Jika Nicole dan Gladys berakhir dengan manis, saya belum tahu apa yang bakal terjadi dengan Sophie. Karena takut kehilangan kepercayaannya (nantinya kalau ada apa-apa dengan dia, Sophie tak mau cerita lagi), saya berusaha menerima kehadiran George. Beberapa kali kita clubbing, saya dan seorang teman lain harus rela ‘dikawal’ oleh George dan bermanis-manis ria karena jika tidak, Sophie harus menanggung konsekuensinya. Di farewell party saya, George hadir. Betapa saya ingin mengatakan ‘Leave her alone’, but instead I said, ‘Please treat her well’.

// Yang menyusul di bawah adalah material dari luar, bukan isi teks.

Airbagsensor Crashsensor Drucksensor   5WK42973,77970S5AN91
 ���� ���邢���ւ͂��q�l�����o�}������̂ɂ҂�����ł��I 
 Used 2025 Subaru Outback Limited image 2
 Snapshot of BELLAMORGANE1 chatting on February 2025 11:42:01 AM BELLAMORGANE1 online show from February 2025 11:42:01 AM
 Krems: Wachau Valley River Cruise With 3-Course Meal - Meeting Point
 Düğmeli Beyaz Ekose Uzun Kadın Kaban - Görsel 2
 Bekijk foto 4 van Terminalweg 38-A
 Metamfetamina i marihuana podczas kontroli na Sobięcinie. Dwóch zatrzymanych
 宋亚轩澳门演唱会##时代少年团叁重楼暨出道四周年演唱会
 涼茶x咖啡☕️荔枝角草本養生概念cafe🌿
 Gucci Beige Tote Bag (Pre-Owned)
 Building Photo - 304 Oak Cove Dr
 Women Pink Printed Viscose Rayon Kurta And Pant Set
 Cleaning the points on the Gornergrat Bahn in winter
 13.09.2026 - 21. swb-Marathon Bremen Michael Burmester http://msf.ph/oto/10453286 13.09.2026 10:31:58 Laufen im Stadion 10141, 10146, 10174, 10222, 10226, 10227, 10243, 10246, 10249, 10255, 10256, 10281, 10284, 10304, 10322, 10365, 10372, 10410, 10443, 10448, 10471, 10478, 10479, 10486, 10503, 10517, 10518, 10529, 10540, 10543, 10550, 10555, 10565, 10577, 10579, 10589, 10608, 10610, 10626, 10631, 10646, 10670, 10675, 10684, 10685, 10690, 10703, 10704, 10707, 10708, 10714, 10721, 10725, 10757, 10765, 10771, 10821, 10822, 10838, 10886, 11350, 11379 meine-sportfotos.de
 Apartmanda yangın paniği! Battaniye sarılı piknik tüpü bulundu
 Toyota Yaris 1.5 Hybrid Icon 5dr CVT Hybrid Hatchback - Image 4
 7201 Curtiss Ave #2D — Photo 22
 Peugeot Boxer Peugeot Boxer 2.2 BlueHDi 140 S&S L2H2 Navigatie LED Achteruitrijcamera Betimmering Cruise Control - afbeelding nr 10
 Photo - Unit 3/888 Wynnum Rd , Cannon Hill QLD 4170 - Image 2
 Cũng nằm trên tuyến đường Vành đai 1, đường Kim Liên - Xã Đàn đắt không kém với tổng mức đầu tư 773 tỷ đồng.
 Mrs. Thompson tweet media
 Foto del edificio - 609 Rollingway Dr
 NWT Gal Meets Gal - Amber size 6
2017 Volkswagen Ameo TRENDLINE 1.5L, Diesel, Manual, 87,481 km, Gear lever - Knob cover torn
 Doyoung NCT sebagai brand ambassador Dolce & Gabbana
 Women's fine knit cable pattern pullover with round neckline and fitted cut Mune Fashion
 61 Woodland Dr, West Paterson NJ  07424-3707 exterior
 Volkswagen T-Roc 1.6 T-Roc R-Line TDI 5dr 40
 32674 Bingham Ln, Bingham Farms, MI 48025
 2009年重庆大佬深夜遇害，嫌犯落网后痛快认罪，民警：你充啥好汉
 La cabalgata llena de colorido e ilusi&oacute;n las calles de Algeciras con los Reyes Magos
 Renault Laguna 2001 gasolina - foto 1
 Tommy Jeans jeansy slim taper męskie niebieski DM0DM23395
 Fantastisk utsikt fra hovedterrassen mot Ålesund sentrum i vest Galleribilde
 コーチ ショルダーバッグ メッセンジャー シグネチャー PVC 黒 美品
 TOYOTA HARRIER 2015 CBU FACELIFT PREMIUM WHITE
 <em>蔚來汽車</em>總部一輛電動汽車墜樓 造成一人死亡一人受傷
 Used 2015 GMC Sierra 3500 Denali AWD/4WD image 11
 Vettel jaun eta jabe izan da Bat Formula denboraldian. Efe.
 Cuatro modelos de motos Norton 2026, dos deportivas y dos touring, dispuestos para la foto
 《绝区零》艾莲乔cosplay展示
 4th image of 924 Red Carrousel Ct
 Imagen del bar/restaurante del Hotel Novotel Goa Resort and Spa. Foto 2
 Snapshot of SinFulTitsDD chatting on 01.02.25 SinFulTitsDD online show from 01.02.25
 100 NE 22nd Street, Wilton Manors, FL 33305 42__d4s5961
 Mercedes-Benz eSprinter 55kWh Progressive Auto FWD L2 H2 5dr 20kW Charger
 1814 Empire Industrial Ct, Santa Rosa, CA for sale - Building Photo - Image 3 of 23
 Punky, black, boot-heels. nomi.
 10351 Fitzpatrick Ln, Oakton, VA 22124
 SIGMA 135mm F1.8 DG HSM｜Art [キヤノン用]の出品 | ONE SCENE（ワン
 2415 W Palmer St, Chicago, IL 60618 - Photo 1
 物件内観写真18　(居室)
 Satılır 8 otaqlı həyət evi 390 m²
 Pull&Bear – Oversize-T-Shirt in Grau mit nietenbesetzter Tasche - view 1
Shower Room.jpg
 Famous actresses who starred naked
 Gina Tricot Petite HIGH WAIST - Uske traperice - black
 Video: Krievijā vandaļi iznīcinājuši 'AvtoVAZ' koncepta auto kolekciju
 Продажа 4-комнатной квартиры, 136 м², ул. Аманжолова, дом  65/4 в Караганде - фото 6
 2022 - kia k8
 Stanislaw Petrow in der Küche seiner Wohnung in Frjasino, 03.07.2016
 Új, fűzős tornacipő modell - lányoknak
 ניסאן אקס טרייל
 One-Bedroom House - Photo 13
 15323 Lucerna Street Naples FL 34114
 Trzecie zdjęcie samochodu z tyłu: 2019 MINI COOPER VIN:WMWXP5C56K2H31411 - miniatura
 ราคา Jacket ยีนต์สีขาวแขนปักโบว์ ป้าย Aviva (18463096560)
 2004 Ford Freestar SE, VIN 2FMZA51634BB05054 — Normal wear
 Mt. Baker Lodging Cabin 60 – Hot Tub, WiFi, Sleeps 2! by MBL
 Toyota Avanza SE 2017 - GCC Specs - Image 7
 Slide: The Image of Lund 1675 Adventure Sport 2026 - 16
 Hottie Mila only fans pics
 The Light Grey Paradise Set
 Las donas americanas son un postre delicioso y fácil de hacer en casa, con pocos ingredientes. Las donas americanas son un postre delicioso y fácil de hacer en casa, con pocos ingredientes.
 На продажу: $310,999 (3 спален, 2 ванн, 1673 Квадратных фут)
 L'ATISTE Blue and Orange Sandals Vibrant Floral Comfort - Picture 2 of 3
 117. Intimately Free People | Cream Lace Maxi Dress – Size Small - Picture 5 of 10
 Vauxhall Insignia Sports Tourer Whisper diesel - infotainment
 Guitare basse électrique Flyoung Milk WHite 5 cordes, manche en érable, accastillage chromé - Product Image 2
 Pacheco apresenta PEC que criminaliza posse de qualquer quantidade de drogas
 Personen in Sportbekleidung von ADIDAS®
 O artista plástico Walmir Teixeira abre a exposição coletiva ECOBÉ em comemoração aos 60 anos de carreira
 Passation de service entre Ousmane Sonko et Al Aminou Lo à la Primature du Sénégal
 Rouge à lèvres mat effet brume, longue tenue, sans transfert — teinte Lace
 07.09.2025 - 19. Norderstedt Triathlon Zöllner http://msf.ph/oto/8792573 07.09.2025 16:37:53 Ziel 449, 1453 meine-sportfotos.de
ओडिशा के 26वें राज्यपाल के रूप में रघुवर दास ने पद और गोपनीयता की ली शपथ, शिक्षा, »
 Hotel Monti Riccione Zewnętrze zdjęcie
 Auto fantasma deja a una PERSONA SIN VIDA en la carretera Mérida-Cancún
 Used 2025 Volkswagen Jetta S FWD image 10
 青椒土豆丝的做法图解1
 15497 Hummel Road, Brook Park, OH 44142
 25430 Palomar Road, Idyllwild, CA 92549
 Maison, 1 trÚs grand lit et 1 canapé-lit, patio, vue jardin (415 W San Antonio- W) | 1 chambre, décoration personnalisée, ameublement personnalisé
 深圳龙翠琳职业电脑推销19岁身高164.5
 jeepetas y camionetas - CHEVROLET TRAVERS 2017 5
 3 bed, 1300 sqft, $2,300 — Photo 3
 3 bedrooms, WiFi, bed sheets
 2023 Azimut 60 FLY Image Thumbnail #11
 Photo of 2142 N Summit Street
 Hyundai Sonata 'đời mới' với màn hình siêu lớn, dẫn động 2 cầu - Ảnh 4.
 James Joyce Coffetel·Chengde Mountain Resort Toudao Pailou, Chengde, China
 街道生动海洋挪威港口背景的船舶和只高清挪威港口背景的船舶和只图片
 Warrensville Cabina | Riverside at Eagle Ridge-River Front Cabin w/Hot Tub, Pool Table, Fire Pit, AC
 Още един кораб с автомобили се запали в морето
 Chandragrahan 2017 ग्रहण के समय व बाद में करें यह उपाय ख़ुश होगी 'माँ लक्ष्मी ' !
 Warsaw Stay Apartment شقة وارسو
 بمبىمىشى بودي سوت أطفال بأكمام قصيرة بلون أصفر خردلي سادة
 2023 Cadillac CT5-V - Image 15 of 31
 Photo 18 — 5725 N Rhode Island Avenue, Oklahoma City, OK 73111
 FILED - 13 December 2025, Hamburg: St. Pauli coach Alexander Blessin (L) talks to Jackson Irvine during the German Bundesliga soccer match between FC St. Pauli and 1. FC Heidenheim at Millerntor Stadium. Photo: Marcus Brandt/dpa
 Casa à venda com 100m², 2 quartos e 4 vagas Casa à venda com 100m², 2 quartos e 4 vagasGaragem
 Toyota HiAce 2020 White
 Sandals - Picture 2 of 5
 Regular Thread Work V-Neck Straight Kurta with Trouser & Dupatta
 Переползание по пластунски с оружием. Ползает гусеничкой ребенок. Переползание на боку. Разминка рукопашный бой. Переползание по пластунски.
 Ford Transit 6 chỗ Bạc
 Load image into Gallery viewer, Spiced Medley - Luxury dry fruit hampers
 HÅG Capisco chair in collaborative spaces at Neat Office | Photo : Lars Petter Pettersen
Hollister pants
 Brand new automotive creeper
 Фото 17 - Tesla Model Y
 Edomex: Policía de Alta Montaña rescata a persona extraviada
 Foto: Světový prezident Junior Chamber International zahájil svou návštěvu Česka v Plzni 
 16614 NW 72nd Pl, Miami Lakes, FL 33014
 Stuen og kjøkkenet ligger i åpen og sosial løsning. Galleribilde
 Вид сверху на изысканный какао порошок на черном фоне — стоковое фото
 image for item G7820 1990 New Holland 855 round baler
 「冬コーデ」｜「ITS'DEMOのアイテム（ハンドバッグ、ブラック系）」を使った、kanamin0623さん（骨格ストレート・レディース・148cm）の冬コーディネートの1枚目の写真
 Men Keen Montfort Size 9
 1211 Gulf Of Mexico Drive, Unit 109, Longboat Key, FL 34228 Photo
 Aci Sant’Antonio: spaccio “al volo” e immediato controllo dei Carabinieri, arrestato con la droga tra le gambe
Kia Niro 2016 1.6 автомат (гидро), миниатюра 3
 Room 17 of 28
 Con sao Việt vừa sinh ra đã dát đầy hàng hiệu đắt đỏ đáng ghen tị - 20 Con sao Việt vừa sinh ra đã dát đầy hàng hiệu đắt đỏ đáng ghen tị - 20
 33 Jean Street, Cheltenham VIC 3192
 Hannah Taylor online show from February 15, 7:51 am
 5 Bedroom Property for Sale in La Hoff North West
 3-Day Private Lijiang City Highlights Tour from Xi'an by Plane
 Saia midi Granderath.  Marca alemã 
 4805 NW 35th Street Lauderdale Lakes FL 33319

Saya masih harus belajar banyak. Dulu, saya selalu percaya bahwa manusia itu rasional dan kalkulatif (no wonder I never work out my relationship :P). Namun, Sophie memaksa saya untuk meredefinisikan perspektif saya. Seperti kala itu, Sophie menunjukkan bahwa feelings, no matter how irrational they might be, are integral part of human decision.

*Semua nama adalah nama samaran

**Ada beberapa yang berargumen definisi budaya patriakis yang umum digunakan sangat simplistik. Perempuan Samoa misalnya mempunyai power yang besar tergantung posisinya di dalam sebuah klan. Segregasi public and private juga memberikan keuntungan buat mobilitas perempuan dan menentukan peran krusial mereka dalam masyarakat. Intinya kalau perempuan mogok masak, tak ada pekerjaan public yang bisa terselesaikan. Banyak yang berpendapat urbanisasi dan industrialisasi-lah yang menciptakan ruang kekerasan thd perempuan.